#### Provided data:
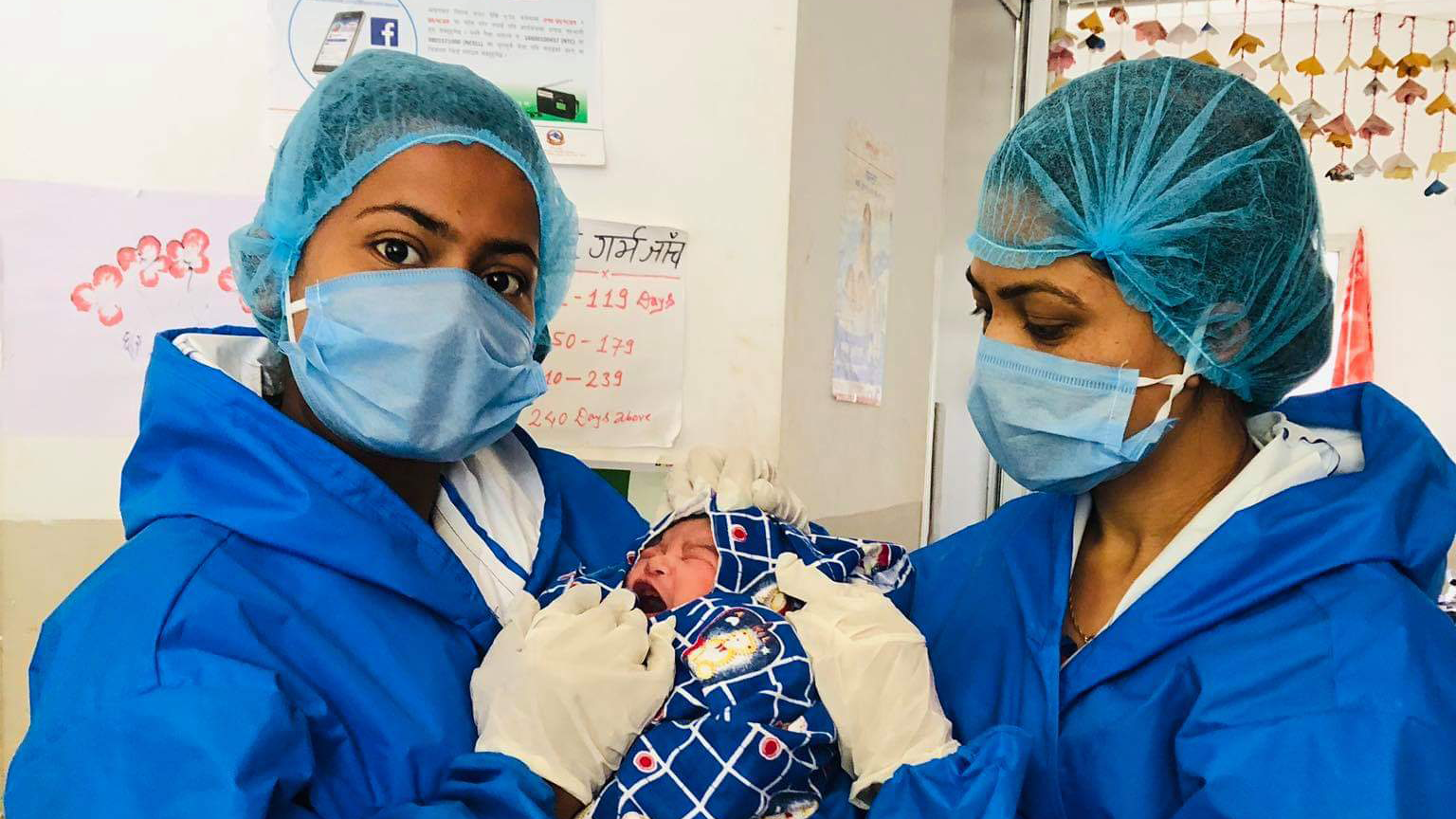 Credit: One Heart Worldwide. Description: Photo shows two nursing staff with newborn after delivery.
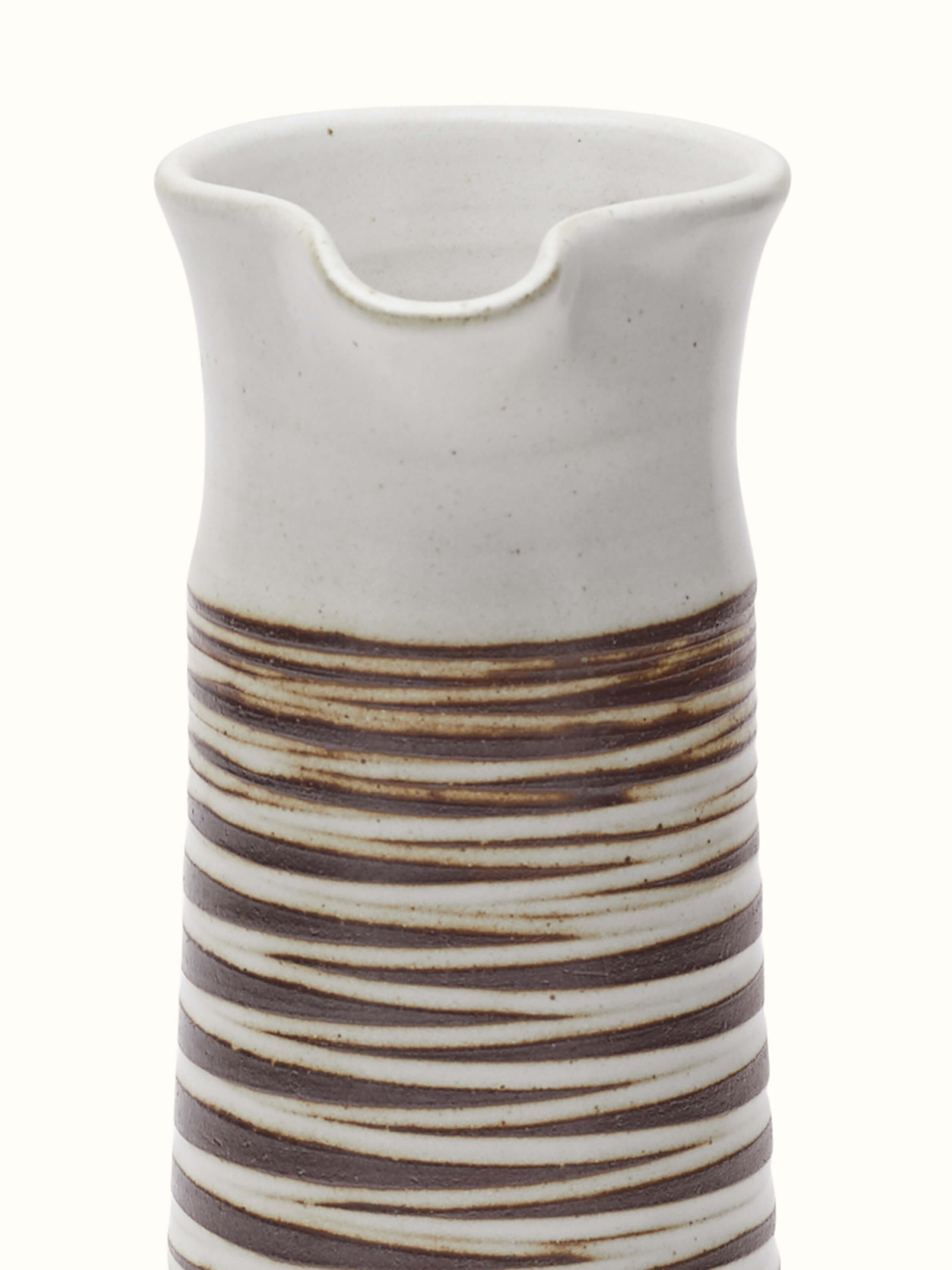 Side view of studio pottery ceramic carafe, highlighting its smooth curves and unique ceramic finish.
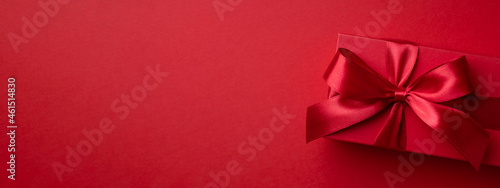 Banner with red gift box on red background for Christmas or Valentine's day.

#### Work instructions:
Each line of the material is to be output exactly. Images are not part of the expected output.

#### Answer for the task:
 Credit: One Heart Worldwide. Description: Photo shows two nursing staff with newborn after delivery.
 Side view of studio pottery ceramic carafe, highlighting its smooth curves and unique ceramic finish.
 Banner with red gift box on red background for Christmas or Valentine's day.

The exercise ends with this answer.